[Start of Attachment]

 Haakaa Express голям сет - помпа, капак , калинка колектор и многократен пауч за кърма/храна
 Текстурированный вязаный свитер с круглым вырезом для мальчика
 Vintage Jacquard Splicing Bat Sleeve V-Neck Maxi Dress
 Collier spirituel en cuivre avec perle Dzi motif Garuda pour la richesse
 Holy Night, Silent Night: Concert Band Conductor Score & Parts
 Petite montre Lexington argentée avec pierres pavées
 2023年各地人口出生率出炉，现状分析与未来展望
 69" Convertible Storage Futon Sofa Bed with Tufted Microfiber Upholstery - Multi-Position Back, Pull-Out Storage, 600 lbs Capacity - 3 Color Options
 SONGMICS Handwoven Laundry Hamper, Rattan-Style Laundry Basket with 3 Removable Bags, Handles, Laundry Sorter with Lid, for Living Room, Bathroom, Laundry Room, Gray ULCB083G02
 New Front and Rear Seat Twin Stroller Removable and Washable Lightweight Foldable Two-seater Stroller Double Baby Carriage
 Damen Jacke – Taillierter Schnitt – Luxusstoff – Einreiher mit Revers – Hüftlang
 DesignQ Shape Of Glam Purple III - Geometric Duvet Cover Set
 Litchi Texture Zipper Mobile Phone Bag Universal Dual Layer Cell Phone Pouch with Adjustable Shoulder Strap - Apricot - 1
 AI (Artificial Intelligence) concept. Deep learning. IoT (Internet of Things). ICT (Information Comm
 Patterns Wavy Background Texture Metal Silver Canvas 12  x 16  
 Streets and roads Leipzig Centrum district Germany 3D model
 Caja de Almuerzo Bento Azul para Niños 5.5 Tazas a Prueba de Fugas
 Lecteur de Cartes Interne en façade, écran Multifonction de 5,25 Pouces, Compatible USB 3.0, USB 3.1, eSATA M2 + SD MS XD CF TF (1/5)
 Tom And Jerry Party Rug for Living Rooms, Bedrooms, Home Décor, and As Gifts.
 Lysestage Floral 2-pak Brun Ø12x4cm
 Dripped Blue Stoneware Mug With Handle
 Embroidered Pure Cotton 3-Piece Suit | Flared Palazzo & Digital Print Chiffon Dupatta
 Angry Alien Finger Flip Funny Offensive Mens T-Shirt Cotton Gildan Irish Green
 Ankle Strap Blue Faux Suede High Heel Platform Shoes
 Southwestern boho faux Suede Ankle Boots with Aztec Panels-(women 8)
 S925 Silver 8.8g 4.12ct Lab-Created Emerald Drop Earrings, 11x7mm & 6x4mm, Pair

[End of Attachment]

About this task:
Reproduce the data exactly, character for character.

Answer to the exercise:
 Haakaa Express голям сет - помпа, капак , калинка колектор и многократен пауч за кърма/храна
 Текстурированный вязаный свитер с круглым вырезом для мальчика
 Vintage Jacquard Splicing Bat Sleeve V-Neck Maxi Dress
 Collier spirituel en cuivre avec perle Dzi motif Garuda pour la richesse
 Holy Night, Silent Night: Concert Band Conductor Score & Parts
 Petite montre Lexington argentée avec pierres pavées
 2023年各地人口出生率出炉，现状分析与未来展望
 69" Convertible Storage Futon Sofa Bed with Tufted Microfiber Upholstery - Multi-Position Back, Pull-Out Storage, 600 lbs Capacity - 3 Color Options
 SONGMICS Handwoven Laundry Hamper, Rattan-Style Laundry Basket with 3 Removable Bags, Handles, Laundry Sorter with Lid, for Living Room, Bathroom, Laundry Room, Gray ULCB083G02
 New Front and Rear Seat Twin Stroller Removable and Washable Lightweight Foldable Two-seater Stroller Double Baby Carriage
 Damen Jacke – Taillierter Schnitt – Luxusstoff – Einreiher mit Revers – Hüftlang
 DesignQ Shape Of Glam Purple III - Geometric Duvet Cover Set
 Litchi Texture Zipper Mobile Phone Bag Universal Dual Layer Cell Phone Pouch with Adjustable Shoulder Strap - Apricot - 1
 AI (Artificial Intelligence) concept. Deep learning. IoT (Internet of Things). ICT (Information Comm
 Patterns Wavy Background Texture Metal Silver Canvas 12  x 16  
 Streets and roads Leipzig Centrum district Germany 3D model
 Caja de Almuerzo Bento Azul para Niños 5.5 Tazas a Prueba de Fugas
 Lecteur de Cartes Interne en façade, écran Multifonction de 5,25 Pouces, Compatible USB 3.0, USB 3.1, eSATA M2 + SD MS XD CF TF (1/5)
 Tom And Jerry Party Rug for Living Rooms, Bedrooms, Home Décor, and As Gifts.
 Lysestage Floral 2-pak Brun Ø12x4cm
 Dripped Blue Stoneware Mug With Handle
 Embroidered Pure Cotton 3-Piece Suit | Flared Palazzo & Digital Print Chiffon Dupatta
 Angry Alien Finger Flip Funny Offensive Mens T-Shirt Cotton Gildan Irish Green
 Ankle Strap Blue Faux Suede High Heel Platform Shoes
 Southwestern boho faux Suede Ankle Boots with Aztec Panels-(women 8)
 S925 Silver 8.8g 4.12ct Lab-Created Emerald Drop Earrings, 11x7mm & 6x4mm, Pair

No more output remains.